UCB remains committed to delivering value for patients living with lupus and other serious immunologic diseases

Brussels (Belgium), 28 July 2015 – 0700 (CET) – regulated information.  UCB today announced that the two EMBODY™ Phase 3 clinical studies for epratuzumab in Systemic Lupus Erythematosus (SLE) did not meet their primary clinical efficacy endpoints in either dose in both studies. Treatment response in patients who received epratuzumab in addition to standard therapy was not statistically significantly higher than those who received placebo in addition to standard therapy. 1

“Although we are disappointed with the results from the Phase 3 program, our commitment to the lupus community remains. We are focused on developing new therapies for the treatment of immunological conditions including SLE and have another SLE drug in clinical development. We would like to express our sincere thanks to the patients and clinical investigators who made the EMBODY™ program possible. It has produced a comprehensive dataset and we look forward to sharing the findings with the scientific community,” said Professor Dr. Iris Loew-Friedrich, Chief Medical Officer and Executive Vice President, UCB. “Today’s news does not alter UCB’s strategy as we remain committed to delivering value for patients living with lupus and other immunologic diseases.”

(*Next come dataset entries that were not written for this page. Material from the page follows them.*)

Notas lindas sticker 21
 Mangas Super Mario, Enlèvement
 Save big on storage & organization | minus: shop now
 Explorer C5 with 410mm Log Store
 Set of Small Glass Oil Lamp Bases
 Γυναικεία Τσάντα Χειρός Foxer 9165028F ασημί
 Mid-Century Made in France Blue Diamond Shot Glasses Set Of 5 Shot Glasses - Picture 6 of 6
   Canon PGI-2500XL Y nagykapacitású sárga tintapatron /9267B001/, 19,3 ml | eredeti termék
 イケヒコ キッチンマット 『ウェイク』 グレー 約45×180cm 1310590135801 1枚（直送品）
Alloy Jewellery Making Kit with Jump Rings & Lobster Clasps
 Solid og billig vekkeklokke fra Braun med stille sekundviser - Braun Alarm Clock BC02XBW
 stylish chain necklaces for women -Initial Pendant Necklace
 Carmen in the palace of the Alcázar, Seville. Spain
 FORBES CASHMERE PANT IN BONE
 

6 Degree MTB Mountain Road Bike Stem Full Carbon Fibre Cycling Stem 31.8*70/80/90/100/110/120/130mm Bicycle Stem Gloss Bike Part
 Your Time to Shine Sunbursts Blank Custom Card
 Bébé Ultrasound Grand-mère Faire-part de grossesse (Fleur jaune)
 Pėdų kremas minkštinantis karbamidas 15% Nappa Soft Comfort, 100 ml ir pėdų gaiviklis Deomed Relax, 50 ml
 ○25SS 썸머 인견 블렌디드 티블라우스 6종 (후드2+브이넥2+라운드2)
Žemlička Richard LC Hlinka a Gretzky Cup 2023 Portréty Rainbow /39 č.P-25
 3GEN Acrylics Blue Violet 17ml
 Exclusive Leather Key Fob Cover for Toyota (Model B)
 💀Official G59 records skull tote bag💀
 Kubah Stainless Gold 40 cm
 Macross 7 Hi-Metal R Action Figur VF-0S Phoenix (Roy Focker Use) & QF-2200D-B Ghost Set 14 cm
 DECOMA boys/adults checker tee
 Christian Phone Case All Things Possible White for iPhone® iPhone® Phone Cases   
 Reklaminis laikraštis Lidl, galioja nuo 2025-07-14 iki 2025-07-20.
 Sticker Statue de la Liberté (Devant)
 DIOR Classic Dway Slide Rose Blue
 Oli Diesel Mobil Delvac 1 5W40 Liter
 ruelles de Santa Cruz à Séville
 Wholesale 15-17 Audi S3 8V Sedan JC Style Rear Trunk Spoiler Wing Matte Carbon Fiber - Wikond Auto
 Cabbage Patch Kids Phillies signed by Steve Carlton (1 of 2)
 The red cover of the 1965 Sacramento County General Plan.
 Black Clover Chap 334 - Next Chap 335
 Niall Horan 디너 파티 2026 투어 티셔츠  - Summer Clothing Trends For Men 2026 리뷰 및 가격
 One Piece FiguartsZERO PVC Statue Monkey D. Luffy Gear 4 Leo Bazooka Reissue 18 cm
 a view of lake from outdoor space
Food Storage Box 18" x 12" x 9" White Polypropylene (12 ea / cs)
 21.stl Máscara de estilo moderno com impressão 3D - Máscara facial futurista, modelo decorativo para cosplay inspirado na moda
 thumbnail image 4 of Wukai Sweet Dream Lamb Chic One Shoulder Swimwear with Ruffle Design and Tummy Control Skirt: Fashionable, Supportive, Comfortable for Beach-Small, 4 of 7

The EMBODY™ Phase 3 clinical program consisted of two identical studies – EMBODY™ 1 and EMBODY™ 2. EMBODY™ 1 and EMBODY™ 2 were multicenter, randomized, double-blind, placebo-controlled 48-week studies. In each study, patients (n= 786 for EMBODY™ 1;  n=788 for EMBODY™ 2) received placebo or treatment with 2400 mg of epratuzumab over four 12-week treatment cycles, administered as 600 mg every week for four weeks or 1,200 mg every two weeks for four weeks.  All patients were taking corticosteroids at the start of the trial, in addition to epratuzumab or placebo, while immunosuppressant and antimalarial therapies were administered per their standard therapy regimen. The primary endpoint of the studies was the percentage of patients meeting treatment response criteria at Week 48 according to a combined response index, the BILAG-based Combined Lupus Assessment (BICLA). 1

A high level review of the safety data did not identify any new safety concerns.  The most common adverse events in both studies were upper respiratory tract infection, urinary tract infection, headache and nausea.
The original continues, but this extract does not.